The rapidly growing needs of energy can only be fulfilled if the current sources of energy could be replaced with such sources, which are safe, pollution free, abundantly available, cheap, and recyclable. Hydrogen has great potential to be a carrier of energy for future and is a perfect alternative for fossil fuels. Especially for transportation applications, hydrogen is thought to be a clean carrier of energy in fuel cell vehicles. It has the highest energy density of 120 MJ kg-1, among all the known fuels. However, even after extensive research of many years, storage of hydrogen is still a hurdle towards the transition to a hydrogen economy. The main problem of using hydrogen as a fuel is its gaseous nature. Therefore, it is crucial and need of the hour to find a practical system to store hydrogen safely with high gravimetric and volumetric density at ambient conditions 1. A target of 5.5 wt. % has been set by the U.S. Department of Energy (DOE) for on-board storage of H2 to be met by 2017 2. During the past decade, tremendous research has been carried out on solid-state materials for several applications including hydrogen storage for fuel cell powered vehicles despite having problems with kinetics and reversibility 3, 4. Functionalized carbon nanostructures are considered promising in the context of hydrogen storage. Carbon nanostructures in their pristine form are chemically very inert for their applications in most of the technological fields like hydrogen storage. In order to increase their reactivity many techniques can be adopted. The common technique for functionalizing carbon nanostructures is doping of foreign atoms on the surface or in the interior of the nanostructures. Transition metals (TM) are one of the most studied dopants on carbon nanostructures in the recent past and they have been explored particularly in the pursuit of suitable hydrogen storage media 5, 6.
Extensive research shows that suitable hydrogen storage capacity and H2 adsorption binding energies can be achieved by doping these carbon-based nanomaterials with boron, or aluminum by decorating them with light alkali metals (Li and Na), alkaline earth metals (Ca and Sr), light transition metals (Sc through Ni) and other transition metals anchored on mono vacancies such as Palladium, Platinum, Titanium, Nickel, and Niobium 7, 8, 9, 10, 11, 12, 13, 14, 15, 16, 17. Many researchers have reported the preparation of graphene-supported Pt-based catalysts and that all of them showed enhanced electrocatalytic performance for methanol oxidation 18, 19, 20. In order to enhance the sensing effect, graphene were usually functionalized by metal and metal oxides, such as Pd 21, 22, 23, 24, Pt 25, 26, 27, TiO2 27 and SnO2 26. Particularly, Pd or Pt displays high reactivity for hydrogen sensing, because they can disassociate H2 molecules even at room temperature 28, 29.

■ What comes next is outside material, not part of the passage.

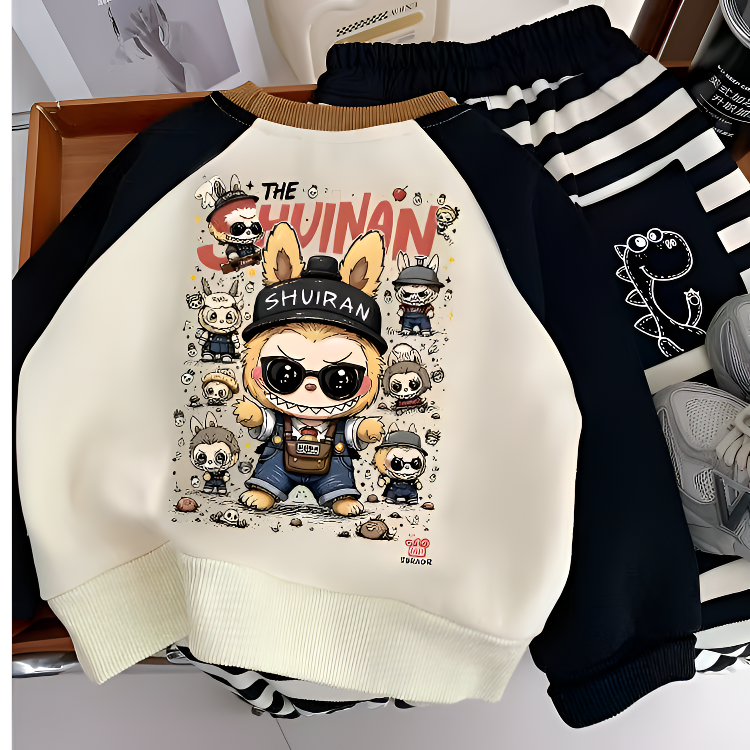 儿童秋季卫衣新款女童卡通可爱洋气上衣圆领长袖中小童时尚卫衣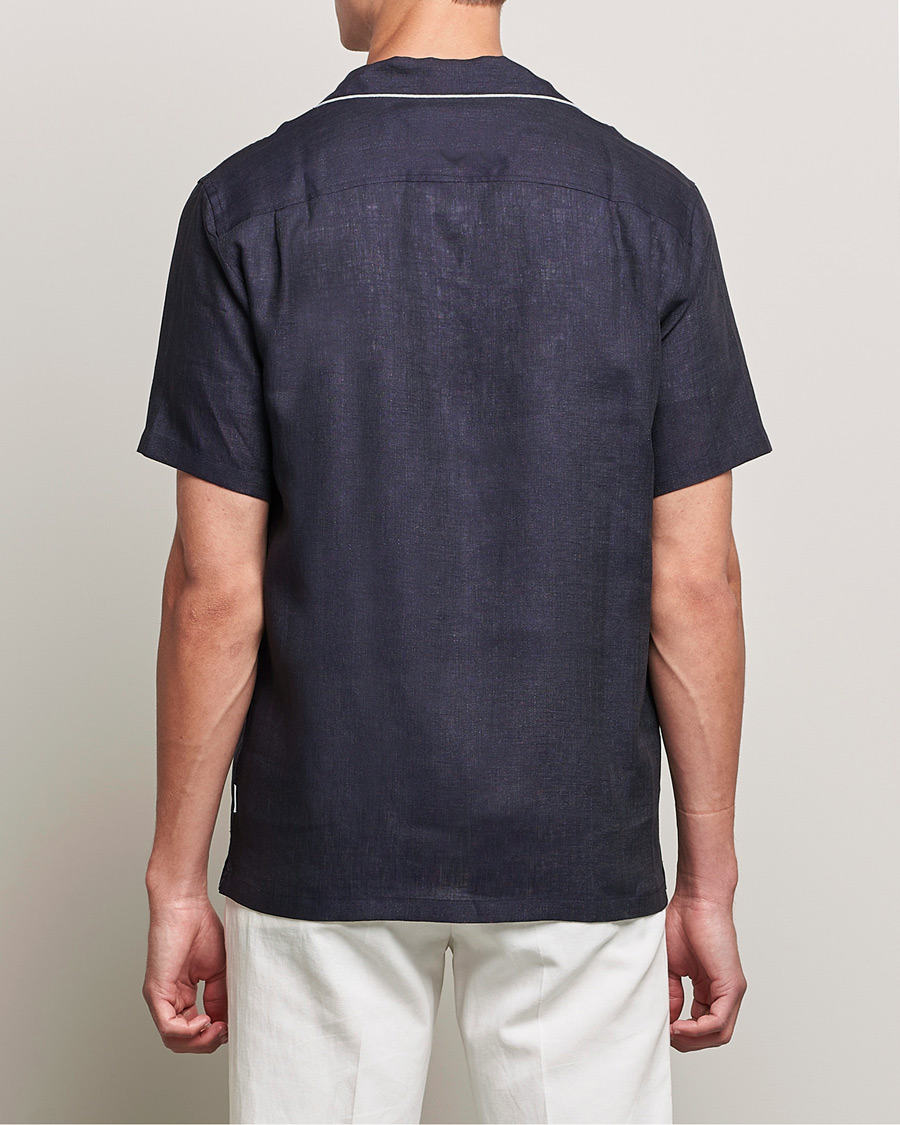 Mies | Kauluspaidat | Orlebar Brown | Hibbert Short Sleeve Linen Shirt Navy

Experimental studies have shown that it is possible to use perfluorophenyl-azide to generate nitrene radicals and immobilized graphene on silicon wafers as reported in reference 30. Despite the interesting influence that nitrene radical had on graphene 31, theoretical investigation of Pt-functionalized NH-doped graphene for hydrogen uptake have not yet been addressed. It therefore is important to determine the effectiveness of Pt– functionalized graphene and Pt–functionalized NH-doped graphene for hydrogen storage. Motivated by the challenge to develop hydrogen storage materials for practical applications, the aim of this work is to provide a detailed description of the interactions of H2 with both Pt-functionalized and NH-doped Pt-functionalized graphene surfaces. To achieve this goal, we performed first-principles calculations based on density functional theory (DFT) for a systematic study of the geometric stability and hydrogen storage capacity of Pt-functionalized graphene and NH-doped Pt-functionalized graphene. First, Pt-functionalized graphene was investigated. Next, the hydrogen adsorption of Pt-functionalized was evaluated. Finally, we investigated the effect of NH radical on Pt-functionalized graphene.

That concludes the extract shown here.